In Italien hat die Regierung bei der Europawahl gesiegt: Giorgia Meloni ist gegenüber ihren Koalitionspartnern gestärkt und kann die Verfassungsreform vorantreiben, um ihre Macht auszubauen. Und in Brüssel könnte ihr noch eine wichtige Rolle zufallen.
Es war kurz nach Mitternacht, eine Stunde nach Schließung der Wahllokale, als sich eine strahlende Giorgia Meloni im pinkfarbenen T-Shirt in den sozialen Medien zeigte, mit Mittel- und Zeigerfinger formte sie das Victory-Zeichen: „Grazie. Die Brüder Italiens sind die stärkste italienische Partei. Wir haben unser Ergebnis bei der Parlamentswahl übertroffen.“ Die rechtspopulistische Premierministerin ist seit knapp zwei Jahren im Amt und hatte angekündigt, sich an ihrem Wahlergebnis von 26 Prozent messen lassen zu wollen.
Ihr Sieg mit fast 29 Prozent bei der Europawahl liegt nun noch jenseits dessen. Meloni hatte im Wahlkampf ganz auf ihre Strahlkraft gesetzt. So hatte sie die Italiener dazu aufgerufen, einfach „Giorgia“ auf den Stimmzettel zu schreiben, dies würde genügen.

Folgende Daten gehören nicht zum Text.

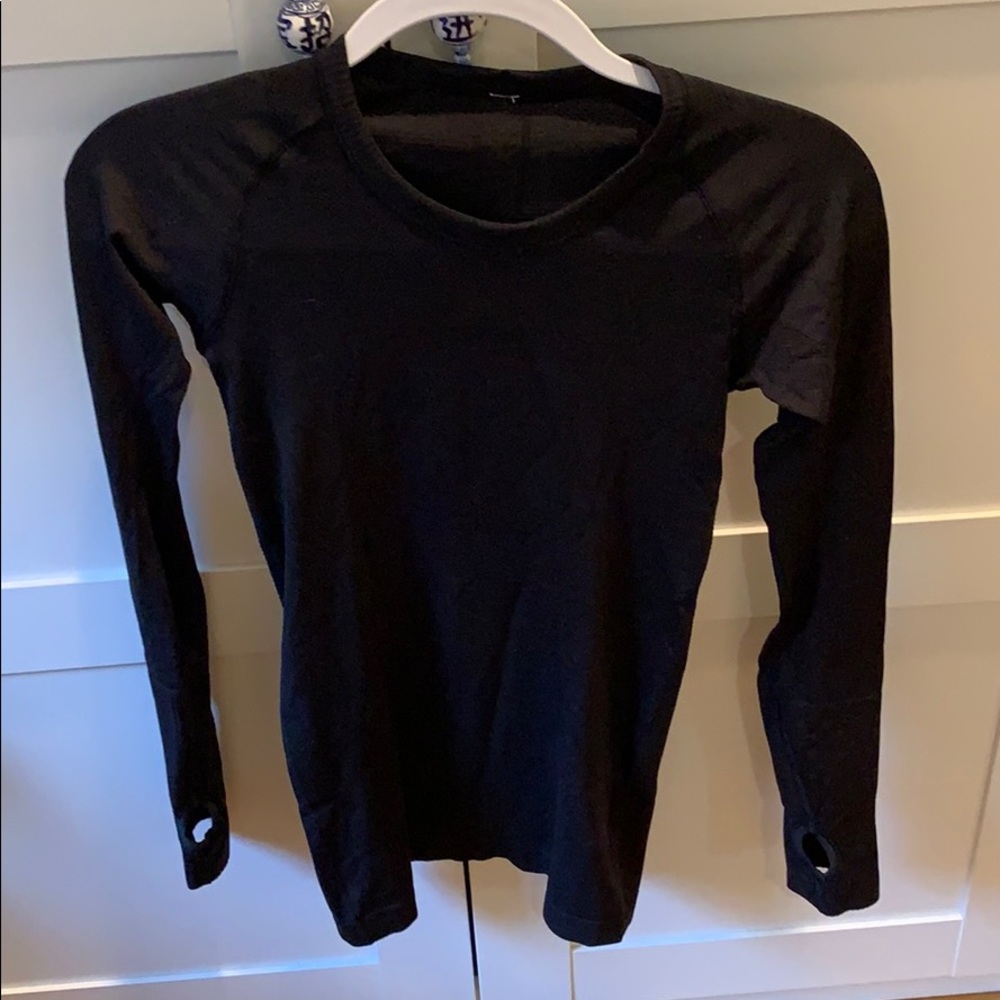 Lululemon base layer size 4 black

Giorgia Meloni gibt sich als Frau aus dem Volk – mit Erfolg
Meloni, das ist die Frau aus dem Volk, nahbar und direkt, eine Politikerin, die auch nach 20 Monaten an der Regierung noch bodenständig auftritt. Auch deshalb fliegen ihr, vor der so viele einst warnten, nun die Sympathien der Italiener zu. Ihr überraschend großer Wahlerfolg stärkt ihre Macht innerhalb der Koalition, vor allem gegenüber ihrem verbündeten Rivalen Matteo Salvini.
Europawahl Wahlabend in Brüssel
Der Vizepremier hatte sich immer wieder mit provokativen Äußerungen auf der internationalen Bühne blamiert. Zuletzt ätzte er gegen den französischen Staatspräsidenten Macron, dieser sei ein „Kriegstreiber“, weil er einen Einsatz der Nato-Truppen in der Ukraine für möglich hielte. Der Putin-Sympathisant Salvini hatte gedroht, er unterstütze keine Waffenlieferungen Italiens, wenn sie gegen Ziele auf russischem Gebiet eingesetzt würden.
Melonis Rivale Salvini ist gescheitert
Doch der Chef der Lega-Partei ist mit seinem Versuch gescheitert, rechts von Meloni Stimmen zu gewinnen. Er hatte den homophoben und rassistischen General Vannacci gegen die Regierungschefin in Stellung gebracht – vergebens. Ein etwas anderes Bild bei ihrem zweiten Koalitionspartner Antonio Tajani von Forza Italia. Die Partei des vor einem Jahr verstorbenen Gründers Silvio Berlusconi war bereits totgesagt. Doch dem so umsichtigen wie zurückhaltenden Tajani ist es gelungen, aus dem Schatten Berlusconis zu treten und sich als Anführer einer gemäßigten Partei der Mitte zu etablieren. Der Wahlerfolg des früheren EU-Parlamentspräsidenten kommt Meloni nun bei ihren Manövern in Europa zugute.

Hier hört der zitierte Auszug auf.